Die vorbereitenden Untersuchungen wurden für den
städtebaulichen Bereich von den Architekten Dipl.-Ing.
Gerhard Knopp und Dipl.-Ing. Peter Schott, München,
durchgeführt.
Rückblickend ist anzumerken, dass die vorbereitenden
Untersuchungen mit dem Rahmenplan bzw. dem ersten
Maßnahmenkonzept als eines der ersten Projekte in Bayern
interdisziplinär durchgeführt wurden.
Von Beginn an wurden für die Verkehrskonzeption Herr
Dipl.-Ing. Hans Billinger und für die Sozialplanung Herr
Dipl.-Soz. Jochen Rahe seitens der Architekten im Auftrag
der Stadt Wasserburg hinzugezogen. Später wurde dann der
Landschaftsarchitekt Prof. Dipl.-Ing. Karl Kagerer mit der
Planung des Hochwasserschutzes und seiner landschaftlichen
und städtebaulichen Einbindung beauftragt.
Mit diesem Hinweis auf die für die Anfertigung eines
Gesamtkonzeptes für die Revitalisierung des historischen
Bereiches der Stadt Wasserburg hinzugezogenen Fachleuten
bzw. Fachdiszi-plinen werden der Anlass und die Ziele der
Untersuchungen ersichtlich.
Die historischen Gebäudestrukturen und das Stadtbild, die
in ihrer Geschlossenheit die Altstadt zu einem
Gesamtkunstwerk von europäischem Rang machen, waren zwar
erhalten geblieben. Im großen und ganzen waren aber
Teilbereiche der Auszehrung durch verfallende Bausubstanz,
den übermäßigen Autoverkehr und unattraktive Freiräume
preisgegeben. Die Bedeutung der Stadt als Mittelzentrum war
gefährdet, umso mehr als durch die Gemeindegebietsreform
von 1972 zentrale Einrichtungen verloren gegangen waren.

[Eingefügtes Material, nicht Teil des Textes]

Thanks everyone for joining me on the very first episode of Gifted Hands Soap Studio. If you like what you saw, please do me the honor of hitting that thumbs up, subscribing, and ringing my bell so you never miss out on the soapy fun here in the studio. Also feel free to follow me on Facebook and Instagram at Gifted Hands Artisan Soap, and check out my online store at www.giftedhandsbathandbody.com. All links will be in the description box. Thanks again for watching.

Bereiche mit schlechter bis sehr schlechter Bausubstanz
- im Bereich Schmidzeile/Südl. Kirchhof/Bruckgasse (Spital)
- im westlichen Teil der Färbergasse
- im Bereich Fletzingergasse/Gerblgasse/Bäckerzeile/Nagelschmiedgasse
- im Bereich Heisererplatz/Schlachthausgasse/lm Hag und
- im östlichen Teil der Kellerstraße.
Mit zahlreichen Mängeln in den Gebäuden, wie z. B.

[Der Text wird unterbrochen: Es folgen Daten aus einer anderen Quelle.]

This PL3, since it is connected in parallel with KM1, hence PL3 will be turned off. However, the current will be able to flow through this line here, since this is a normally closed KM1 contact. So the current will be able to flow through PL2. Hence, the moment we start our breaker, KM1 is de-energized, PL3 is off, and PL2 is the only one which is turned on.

- Überalterung der Gebäude (historische Bausubstanz)
- unzweckmäßige Grundrisse, die sich aus den sehr schmalen und tiefen Grundstücken ergeben und
- den heutigen Ansprüchen nicht mehr genügen
- mangelhafte Ausstattung mit Sanitäreinrichtungen (Bad/WC, Heizung etc.)
- mangelhafte Belichtungs- und Belüftungsmöglichkeiten für die Wohnungen
- erhebliche Lärm- und Staubbelästigungen durch den Verkehr
- Bereichsweise unattraktive Straßen, Plätze und Grünanlagen nicht zuletzt durch den starken Autoverkehr.
- Starker Durchgangsverkehr, ungeregelter Zielverkehr, ungeordnetes Parken verdrängen das städtische Leben in schmale Randbereiche.
- Periodische Überschwemmungen waren der Anlass für die Einleitung von geeigneten Schritten für die Sanierung des gesamten Ensembles „Wasserburg“.
Die genannten Kriterien führten zu
- Abwanderung der Wohnbevölkerung
- Schwächung des Einzelhandels und der an und für sich noch lebendigen Gewerbestrukturen
- Verlust an Kommunikationsflächen für städtisches Leben.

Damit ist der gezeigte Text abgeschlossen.